Безнадежные войны. Директор самой секретной спецслужбы Израиля рассказывает - Яков Кедми
Шрифт:
Интервал:
Закладка:
До того как я начал непосредственно работать с Ицхаком Рабином, я не был хорошо знаком с ним как с человеком. Я слышал о нем, видел его, пару раз мы пересекались с ним, как, например, в случае с самолетом с Кавказа, захваченным бандитами. Мы тогда перекинулись несколькими словами, и не более того. У меня сложилось мнение, в основном на базе публикаций периода борьбы между Рабином и Шимоном Пересом за руководство Рабочей партией, что он человек сухой, холодный и черствый. Я был удивлен, обнаружив в нем человека очень чувствительного и внимательного к людям, теплого и стеснительного. Рабин был человеком серьезным, глубоким и думающим, постоянно терзающимся сомнениями в правильности принимаемых им решений. Это не мешало его способности принимать решения, а, наоборот, лишь побуждало всесторонне и глубоко взвешивать проблемы еще и еще раз, выслушивая другие мнения и рассматривая проблему со всех сторон. Не хочу сказать, что Рабин был застрахован от принятия ошибочных или неверных решений, от этого никто не застрахован. Но, решая проблему, Рабин рассматривал ее исключительно с точки зрения дела, прилагая к этому все свои усилия и стараясь, насколько возможно, не поддаваться влияниям посторонних интересов. Познакомившись поближе с Ицхаком Рабином, с тем теплом и вниманием, с которыми он относился к людям, я здорово обозлился на Шимона Переса. Ведь это приближенные Переса, накануне соперничества между ними за руководство Партией труда, постоянно распространяли слухи о Рабине как о человеке черством и презрительно относящемся к людям. Перес, как обычно, пытался отмежеваться от публикаций, утверждая, что не имеет о них представления. Почему-то Перес никогда ничего не знает, ни того, что делается для него и от его имени, и неприглядные, и подловатые вещи. Или в его честь, как, например, помпезные празднования его дня рождения. У меня и тогда не было сомнений, что за клеветой на Рабина стоит Перес, и это меня здорово злило.

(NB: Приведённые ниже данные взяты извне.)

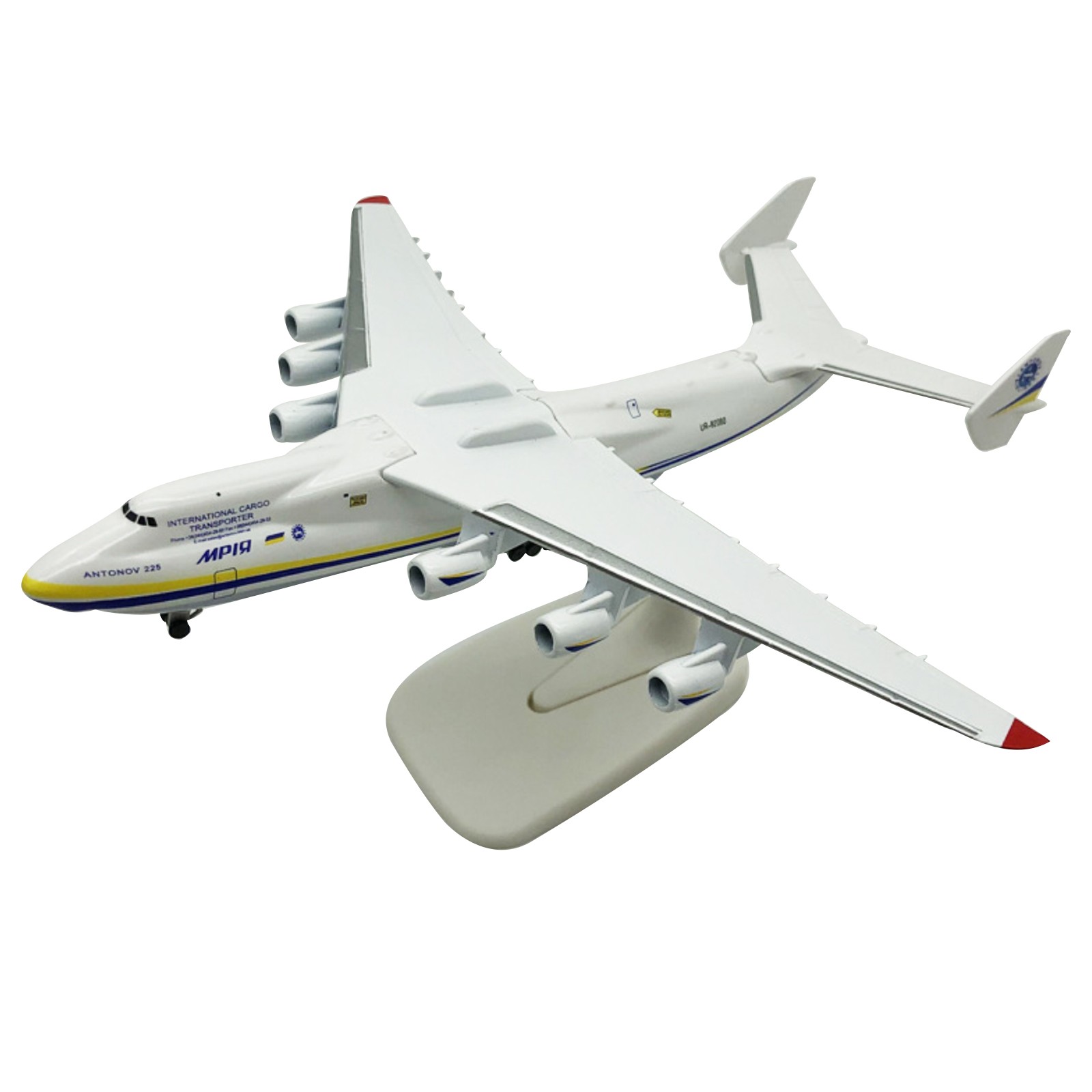 1:400 An-225 Mriya Transport Aircraft Model Alloy Diecast Pl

Отношение Рабина к проблеме выезда евреев в Израиль было для меня очень приятной неожиданностью. Оказалось, что его отношение к этому вопросу было трогательным и теплым. Наши рабочие встречи продолжались около часа, иногда и больше и происходили примерно раз в месяц, если не было чего-то срочного с его или моей стороны, что требовало немедленного обсуждения. Как правило, мы были только вдвоем, только в редких случаях при обсуждении какого-либо специфического вопроса присутствовал военный секретарь Рабина. «Натив» находился под полной ответственностью главы правительства, и ни один министр, ни даже генеральный директор канцелярии премьер-министра не осмеливались вмешиваться в наши отношения или пытаться встать между главой правительства и главой «Натива». Во время встречи мы обычно проходились по двадцати – тридцати пунктам, которые я посчитал нужным представить, кроме тех проблем, которые поднимал Ицхак Рабин. Речь идет о донесениях, отчетах, предложениях и разрешениях. В общем, текущие дела, в основном связанные с работой «Натива». Время от времени обсуждались другие проблемы, которые прямо или косвенно влияли на «Натив», или деятельность «Натива» влияла на них. Постоянным было предоставление оценки ситуации в России и в соседних государствах. Было заметно, что Рабин очень серьезно относится к нашим оценкам, ценит их и прислушивается к ним. Он обладал способностью все быстро схватывать и хорошо понимал то, что я ему докладывал. Кроме того, он запоминал подробности предыдущих обсуждений. Мне не раз приходилось слышать от него: «Во время нашей встречи два месяца назад ты утверждал то-то и то-то. Как это соотносится с тем, что ты говоришь сейчас? Нет ли тут противоречия? Объясни, пожалуйста». Если мне удавалось убедить Рабина, что он должен что-то сделать для деятельности «Натива», он всегда был готов выполнить все без промедления.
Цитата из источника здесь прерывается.